Look below for the line containing "Daerah di Desa". Write out that line and the rest through the last one, exactly as they appear, but without pictures.
- - -
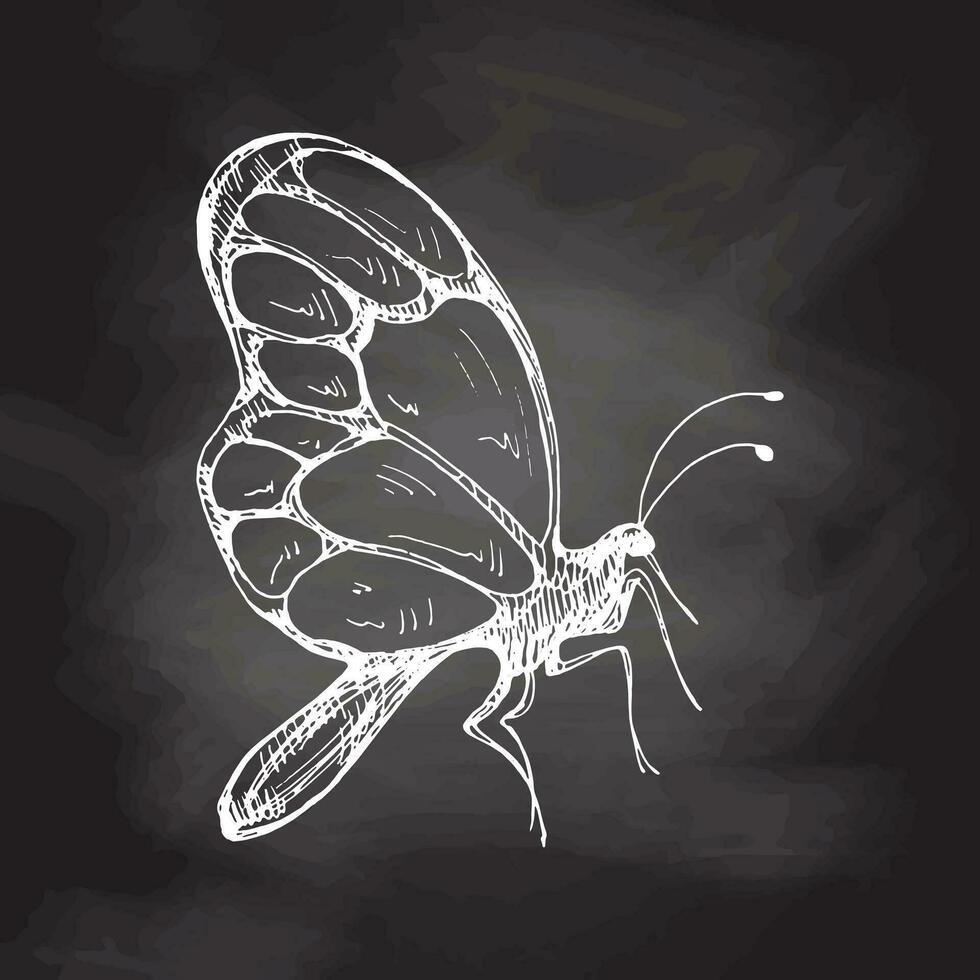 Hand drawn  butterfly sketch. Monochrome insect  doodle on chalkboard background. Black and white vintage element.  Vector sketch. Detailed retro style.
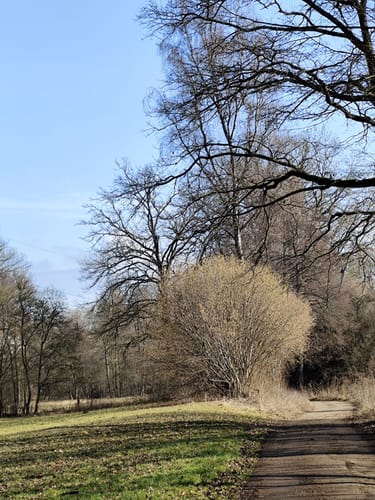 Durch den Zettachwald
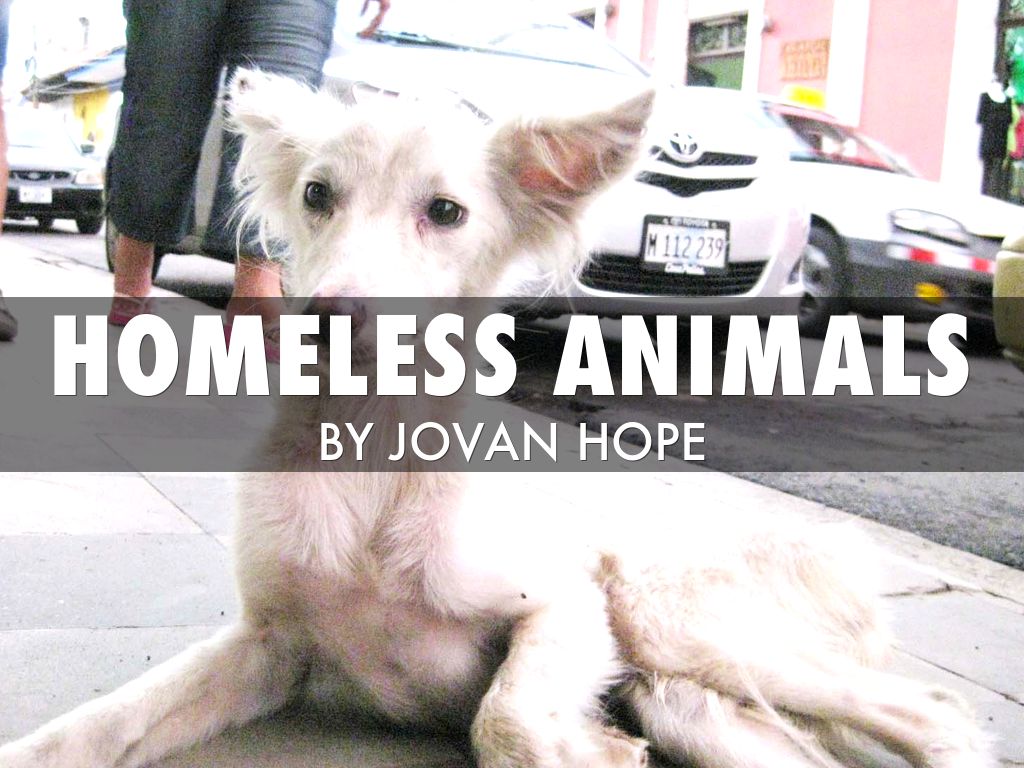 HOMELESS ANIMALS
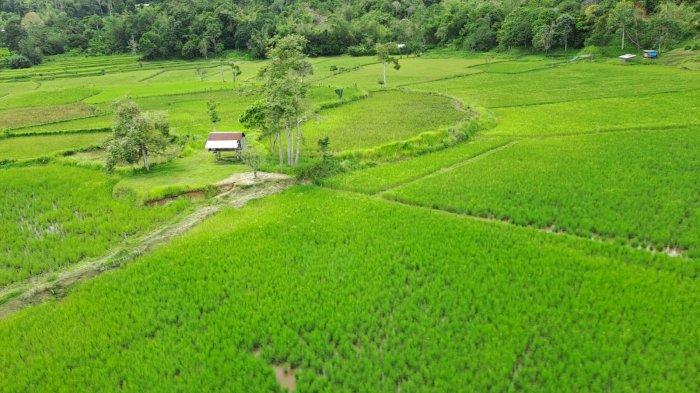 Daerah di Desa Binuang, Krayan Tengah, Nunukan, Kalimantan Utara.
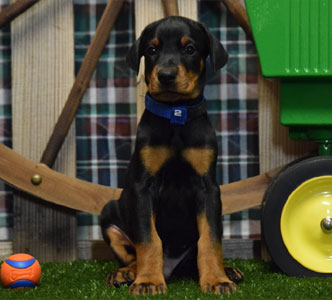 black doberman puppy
- - -
» Answer to this exercise
 Daerah di Desa Binuang, Krayan Tengah, Nunukan, Kalimantan Utara.
 black doberman puppy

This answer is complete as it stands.